File size: 3,206 Bytes

---
metrics:
- accuracy
tags:
- code
---
##MR-PLIP Description 
MR-PLIP is a vision-language foundation model trained on the multiresolution 34 million images curated from TCGA dataset. It can perform various vision-language processing (VLP) tasks such as image classification, detection and segmentation. 
##Uses
As per the original CLIP model card, this model is intended as a research output for research communities. We hope that this model will enable researchers to better understand and explore zero-shot, arbitrary image classification. We also hope it can be used for interdisciplinary studies of the potential impact of such model.
Direct Use
Zero-shot image classification, object detection and segmentation.
Downstream Use
Image classification and other image task fine-tuning, linear probe image classification, image generation guiding and conditioning, among others.
Intended Use
The model is intended as a research output for research communities. We hope that this model will enable researchers to better understand and explore zero-shot, arbitrary image classification. We also hope it can be used for interdisciplinary studies of the potential impact of such models.
Primary intended uses
The primary intended users of these models are AI researchers.

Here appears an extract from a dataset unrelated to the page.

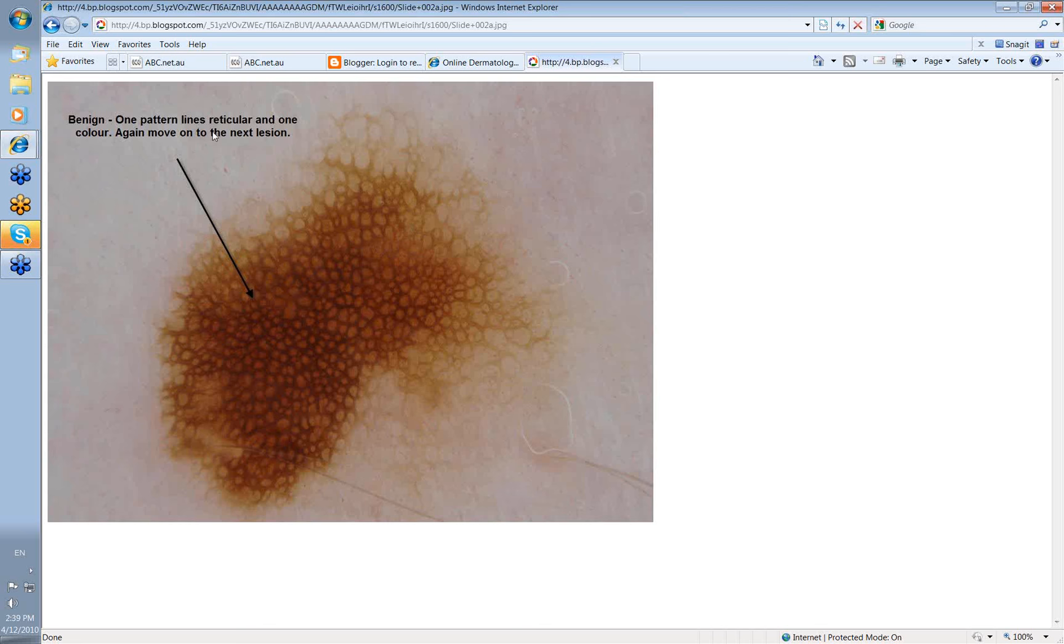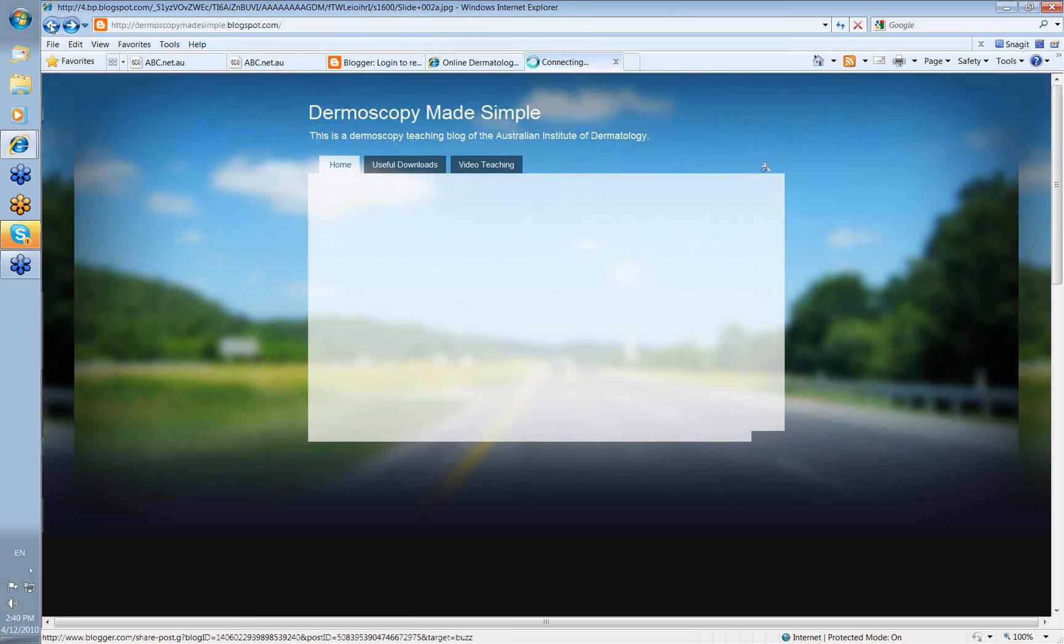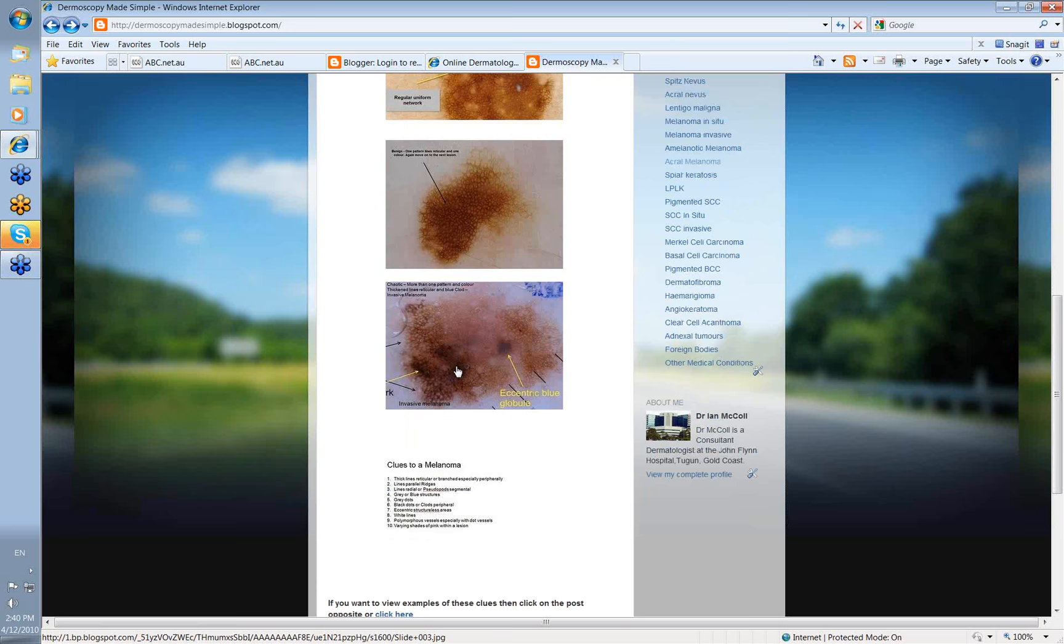Similarly, look at this one. Again, benign. One pattern, lines reticular and one color. Move on to the next lesion. You can scan someone's back very, very quickly if you're simply looking at these features.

We primarily imagine the model will be used by researchers to better understand robustness, generalization, and other capabilities, biases, and constraints of computer vision histopathology models.
Out-of-Scope Use Cases
Any deployed use case of the model - whether commercial or not - is currently out of scope. Non-deployed use cases such as image search in a constrained environment, are also not recommended unless there is thorough in-domain testing of the model with a specific, fixed class taxonomy.
Since the model has not been purposefully trained in or evaluated on any languages other than English, its use should be limited to English language use cases.
Further the above notice, the Quilt-1M dataset used in training of these models has additional considerations, see below.
Training Data
This model was trained with 34 million is an image-text dataset for histopathology. Curated from whole slide images from TCGA dataset. It contributes the largest dataset for vision language modeling in histopathology.

IMPORTANT NOTE: The motivation behind dataset creation is to democratize research and experimentation around large-scale multi-modal model training and handling of uncurated, large-scale histopathology datasets crawled from publically available internet. Our recommendation is therefore to use the dataset for research purposes.
Disclaimer
It is important to note that the results obtained from this function are not intended to constitute medical advice or replace consultation with a qualified medical professional. The use of this function is solely at your own risk and should be consistent with applicable laws, regulations, and ethical considerations. We do not warrant or guarantee the accuracy, completeness, suitability, or usefulness of this function for any particular purpose, and we hereby disclaim any liability arising from any reliance placed on this function or any results obtained from its use.